Drew Shenkman, assistant general counsel for CNN, talked about his news organization’s culture of safety and trust and good practices any newsroom can apply whether they send out MMJs or bigger news crews. 

“No-one goes (on a potentially dangerous assignment) unless they want to. That’s a universal rule for us that is imparted at every level of the organization.” Shenkman said no one is retaliated against for turning down an assignment. 

KATV Little Rock News Director Amy Sullivan concentrates on building trust and respect by having the producers go out with MMJs on a story. “It’s so they understand what’s being expected of MMJs. So when they have those unreasonable asks, they understand that when an MMJ says ‘I can’t do this,’ they don’t necessarily have to question their integrity.”
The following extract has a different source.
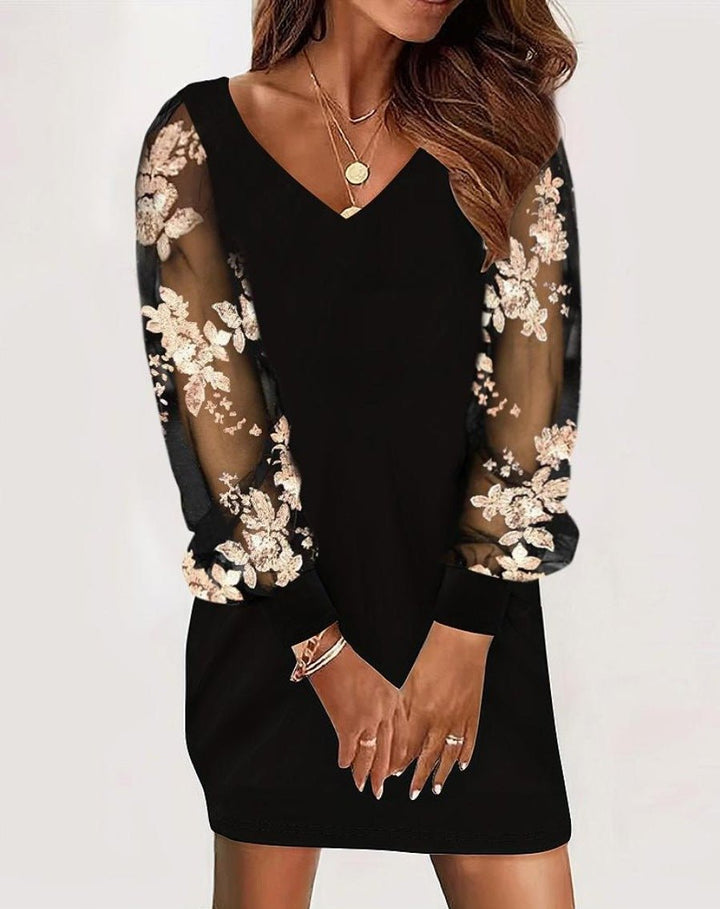Alessia | Abito Elegante con Maniche in Pizzo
Sullivan said there’s always an advantage when MMJs and producers learn to listen, trust and compromise. “There’s less push back… there’s more of a collaborative effort, like ‘OK ‘can you move to a different location or shoot it from your vehicle” offering a different solution that could keep someone safe.” 
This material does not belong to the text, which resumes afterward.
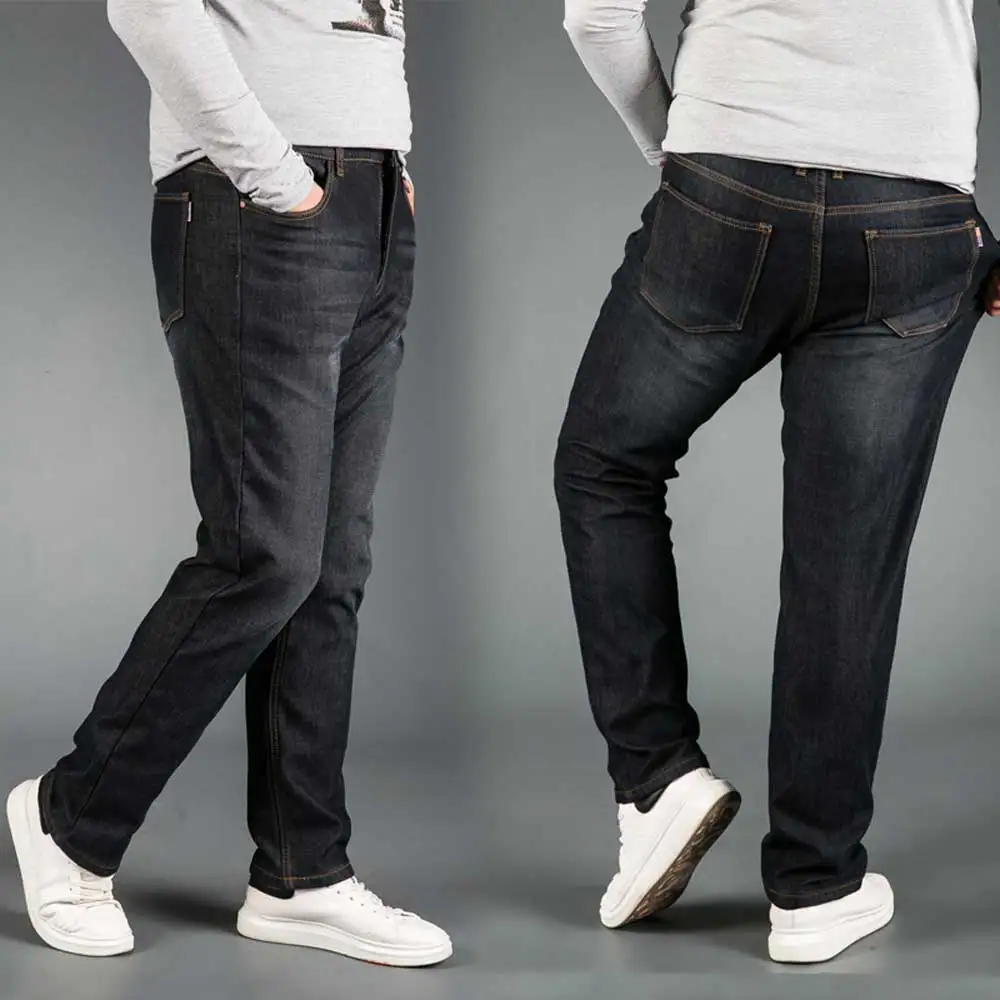 Fleece Lined Black Jeans Men's Winter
Human Resources consultant Sherry Darden applauded Sullivan’s cross-training that she believes helps employees understand each other. “It’s hard to trust on either end when you don’t know what the other person is going through,” added Darden. 

Shamarria Morrison is a reporter and MMJ at WCNC-TV in Charlotte, North Carolina. She recommended solo-tv-reporters advocate for themselves,  particularly in cases where news managers have not established a firm culture of trust and safety. “I think as MMJ’s, we have to put a line on what we will and will not tolerate, and I think that is OK to do.”

Morrison makes sure news directors know what type of MMJ they are getting when they hire her because she makes it known her safety comes first, and there are lines she will not cross. “I deserve to be heard,” said Morrison

Darden also recommended taking a proactive approach when interviewing with a television station. “Ask hypotheticals,” she said. “If I’m going out to do a live shot and it’s 3 a.m., and I’ve already had experience with that neighborhood, and I don’t feel it’s safe, how would you handle that?” If management does not have a good answer, that’s a sign that points towards moving on. 

She also has advice you’ve probably heard before, but bears repeating, “Document, document, document” and give your employment contract a thorough read before you sign it. 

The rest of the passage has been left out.